O uso político do termo território, ou territorialidade, segundo o próprio geógrafo, teria sido adotado a partir do século XIX para tratar do papel desempenhado pelo Estado no controle das relações entre as classes sociais e os espaços ocupados. Pelo tamanho e pelo enraizamento da desigualdade social hoje no Brasil, é possível deduzir que o Estado ainda faça esta leitura de território, e não aquela, mais moderna.
Em entrevista nesta edição, a socióloga Maria Alice Setubal explica por que o território exerce papel importante no combate à desigualdade: “As políticas públicas não podem ser políticas homogêneas. Estamos falando de pessoas diferentes, biomas diferentes, realidades sociais e econômicas completamente diferentes. Então, quando a gente fala que o território importa, estamos se referindo a espaços diferenciados, e as políticas públicas têm de estar de acordo com aquelas realidades”.

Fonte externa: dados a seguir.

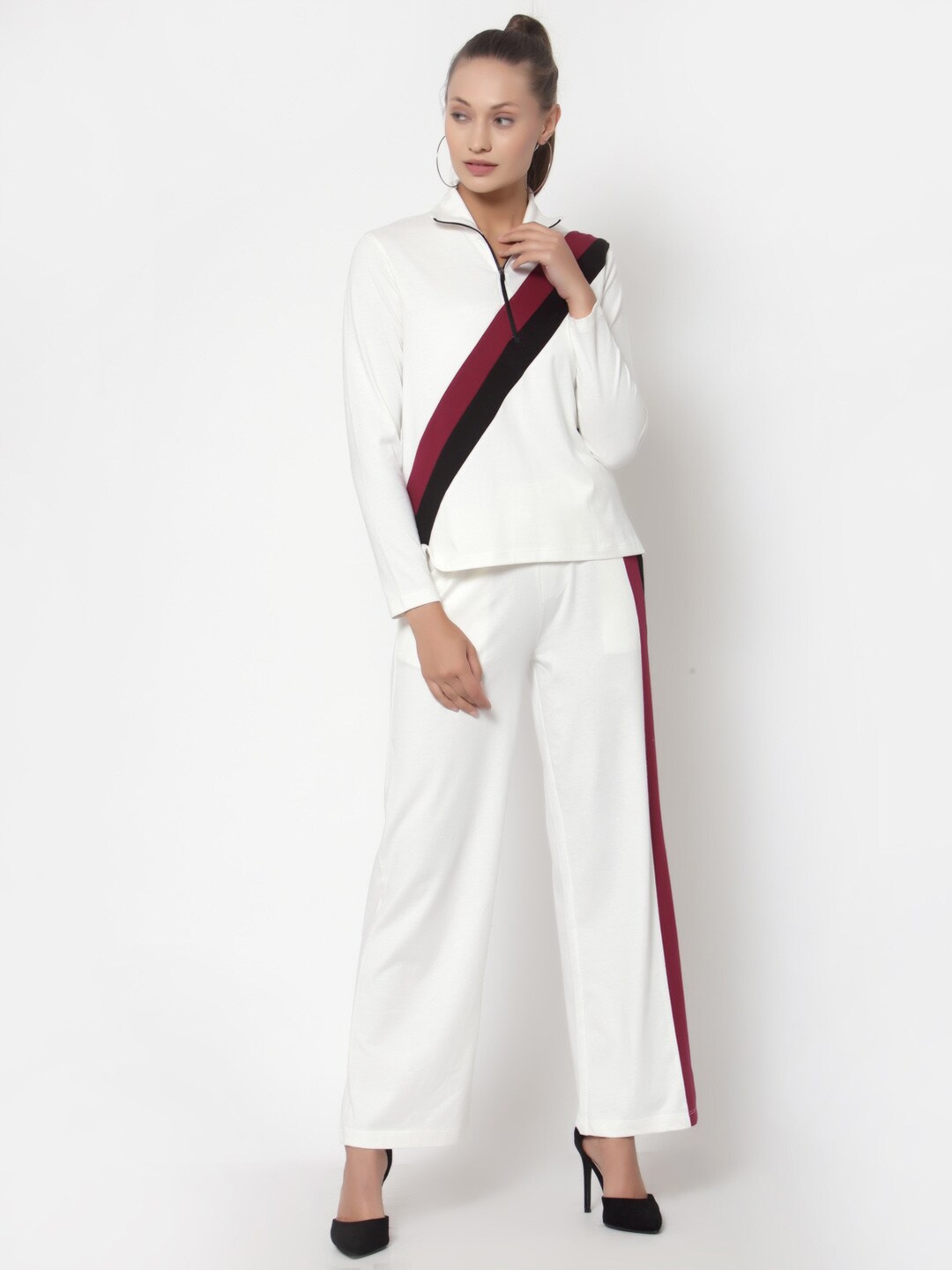 

YOONOY Women Off White Solid Top & Palazzo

Territórios também remetem a questões fundiárias, que, por sua vez, também remetem à desigualdade. Nas grandes cidades brasileiras crescem dois tipos de periferia: a dos bairros populares ocupados pelas camadas mais pobres da população; e outra, meramente geográfica, dos grandes condomínios exclusivos, cercados, policiados e dotados de uma ampla gama de serviços, de modo que a camada mais rica não precise necessariamente ir às ruas, aos centros urbanos.

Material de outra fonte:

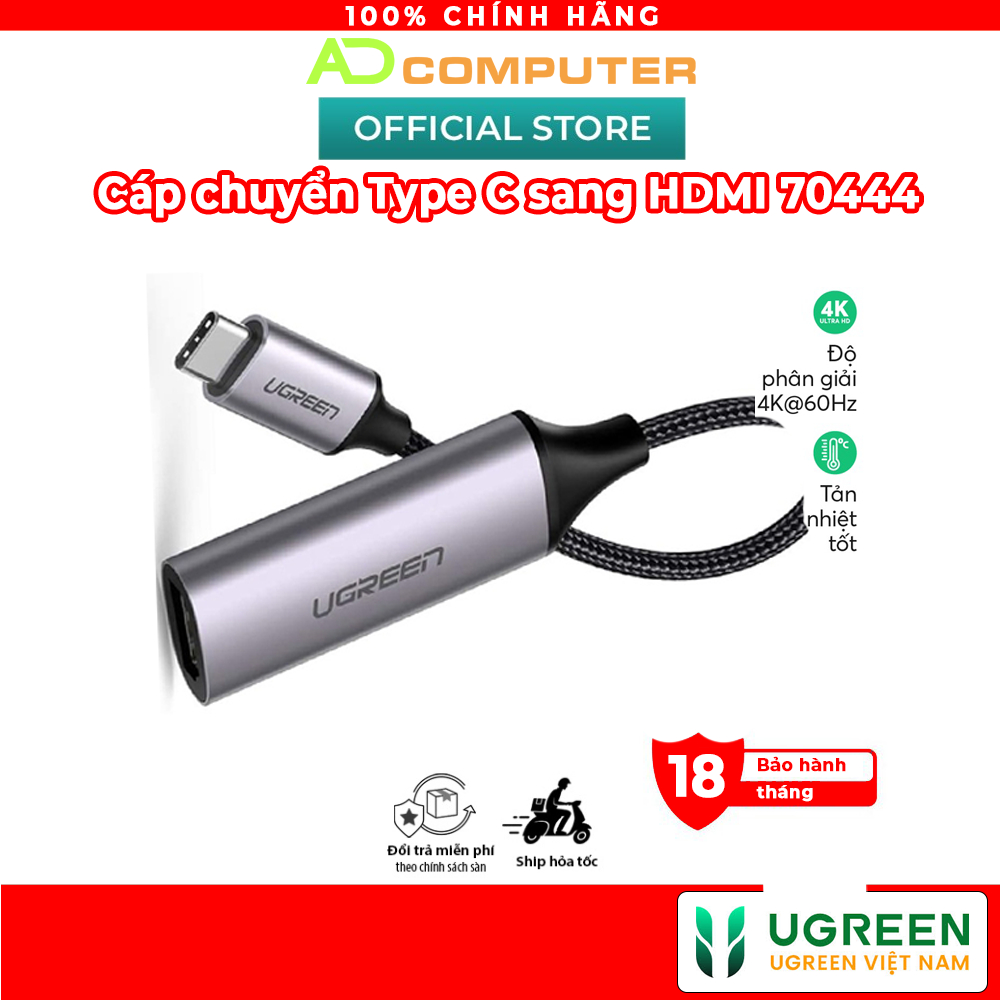 Cáp chuyển USB TYPE C sang HDMI UGREEN 70444 - Hàng phân phối chính hãng - Bảo hành 18 tháng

Segundo a socióloga holandesa Saskia Sassen, esse modelo de uso do território contribui para perenizar ainda mais as desigualdades, não só no Brasil, mas em outras grandes cidades como Londres e Nova York. Em palestra no “Seminário Internacional Cidades e Territórios: Encontros e fronteiras na busca da equidade”, realizado no ano passado na Fecomercio, em São Paulo, ela disse que esses megaprojetos de condomínios representam a negação do espaço urbano , uma vez que são territórios totalmente controlados. As pessoas que não têm poder podem, no máximo, trabalhar ali. O território urbano, ao contrário, são espaços “onde os que não têm poder também conseguem criar uma história, uma cultura e uma economia”.